Looking at the BNP policies, about half of them are classic right-wing issues that most people are probably not that concerned about, or are at least amenable to being persuaded on - sustained defence spending, no more foreign aid, re-attachment to the commonwealth (like us kiwis want you back!) - but the rest are basically left issues - pensions, healthcare, environment, investment in transport etc etc. The BNP correctly state that current elite groups have no intention of doing anything about these issues, and that's obviously something that rings true for a lot of people - as well it might.

What sells the BNP point of view in my opinion is that it frames all of these questions oppositionally; the reason why pensions are poor is because all the money is spent on asylum seekers, and so on. Unless the left can not just puncture this rhetoric but really counter it with a description of society that better fits the everyday experience of working people they will continue to be wrong-footed by fascists.

Good post.
 
A question: are the BNP in any way involving themselves in particular campaigns the way leftists obviously feel they should do? It seems to me that they are not, rather that they are offering an explanation of why these campaigns are rarely successful (or if they are are basically fighting a rearguard action), and then offering a (flawed) way out of this situation.

If this is the case (and I'm prepared to be corrected), isn't that something that leftists should do more of?
 
you've heard it all hear before, so apologies, but there has been a debate about all this on the letters pages of the Hackney Gazette over the last month. I won't cut and paste but all the letters have been put on the Hackney Independent website

http://www.hackneyindependent.org/letters_in_the_local_press/index.php

start with "Who's to Blame for the BNP" 25MAY08 and work up.

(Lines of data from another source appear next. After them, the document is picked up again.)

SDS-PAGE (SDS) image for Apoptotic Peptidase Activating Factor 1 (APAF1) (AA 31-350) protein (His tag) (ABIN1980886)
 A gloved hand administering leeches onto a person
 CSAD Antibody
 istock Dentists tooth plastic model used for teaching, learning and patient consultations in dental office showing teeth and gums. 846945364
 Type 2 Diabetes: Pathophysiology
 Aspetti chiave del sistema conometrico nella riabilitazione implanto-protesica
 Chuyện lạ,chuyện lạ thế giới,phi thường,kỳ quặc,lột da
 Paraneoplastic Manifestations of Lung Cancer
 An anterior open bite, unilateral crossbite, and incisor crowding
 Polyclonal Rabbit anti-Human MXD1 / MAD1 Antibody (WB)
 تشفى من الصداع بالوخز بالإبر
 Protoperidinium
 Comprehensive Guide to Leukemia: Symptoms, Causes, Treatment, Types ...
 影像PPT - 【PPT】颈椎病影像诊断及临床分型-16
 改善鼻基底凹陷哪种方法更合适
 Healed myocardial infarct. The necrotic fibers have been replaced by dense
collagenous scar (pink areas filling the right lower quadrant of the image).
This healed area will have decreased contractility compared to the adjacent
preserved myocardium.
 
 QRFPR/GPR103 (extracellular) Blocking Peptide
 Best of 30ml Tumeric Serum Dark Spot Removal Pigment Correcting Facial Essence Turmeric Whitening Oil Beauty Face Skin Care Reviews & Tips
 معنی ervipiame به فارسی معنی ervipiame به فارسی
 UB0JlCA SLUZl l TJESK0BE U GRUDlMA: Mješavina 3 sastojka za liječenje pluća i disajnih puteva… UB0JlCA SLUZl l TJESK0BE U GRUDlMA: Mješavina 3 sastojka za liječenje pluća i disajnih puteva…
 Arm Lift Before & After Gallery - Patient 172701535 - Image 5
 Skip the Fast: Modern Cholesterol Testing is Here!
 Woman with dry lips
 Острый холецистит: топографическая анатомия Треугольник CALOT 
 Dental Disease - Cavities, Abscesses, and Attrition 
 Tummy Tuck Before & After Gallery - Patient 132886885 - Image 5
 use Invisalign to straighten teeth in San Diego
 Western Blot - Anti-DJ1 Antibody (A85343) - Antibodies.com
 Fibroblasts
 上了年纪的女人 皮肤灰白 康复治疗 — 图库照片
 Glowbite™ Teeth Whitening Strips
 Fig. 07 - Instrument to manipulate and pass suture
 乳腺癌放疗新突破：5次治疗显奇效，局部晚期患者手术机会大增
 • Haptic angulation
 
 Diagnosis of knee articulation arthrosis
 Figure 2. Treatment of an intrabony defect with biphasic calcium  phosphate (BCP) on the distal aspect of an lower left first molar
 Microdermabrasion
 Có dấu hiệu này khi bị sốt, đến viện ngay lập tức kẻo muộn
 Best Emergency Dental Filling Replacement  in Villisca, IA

The respondent from Hope Not Hate is a bit of a dick - avoiding the argument and calling everyone Dave Spart etc ...
 
A question: are the BNP in any way involving themselves in particular campaigns the way leftists obviously feel they should do? It seems to me that they are not, rather that they are offering an explanation of why these campaigns are rarely successful (or if they are are basically fighting a rearguard action), and then offering a (flawed) way out of this situation.

If this is the case (and I'm prepared to be corrected), isn't that something that leftists should do more of?

Just a point - the BNP have a number of Front groups similar to what the SWP does.

ABEX - the ex-servicemens

They had a countryside one too looking to exploit foxhunting/foot and mouth etc issues dunno what it is now.

Barnbrook went to a 'No to ID' meeting and was humiliated...

Generally they do stuff they can control.
 
Searchlight will never get involved in a debate where
1. Their state links are placed open to scrutiny
2. Independent working class political alternatives are discussed
3. There is an honest assessment of the extent of the BNP vote

Trust me, i have tried to debate with these types- on the Lancaster Unity site for example- but they generally censor any critical posts made.

In a word- no, as Searchlight and allies only hear what they want to hear, there is little point in debating with them.
 
Searchlight will never get involved in a debate where
1. Their state links are placed open to scrutiny
2. Independent working class political alternatives are discussed
3. There is an honest assessment of the extent of the BNP vote

Trust me, i have tried to debate with these types- on the Lancaster Unity site for example- but they generally censor any critical posts made.

In a word- no, as Searchlight and allies only hear what they want to hear, there is little point in debating with them.

Well then, you are best served with not trying then.

in the meantime could you explain what 3. comprises of and what are the characteristics of an analysis that is not honest?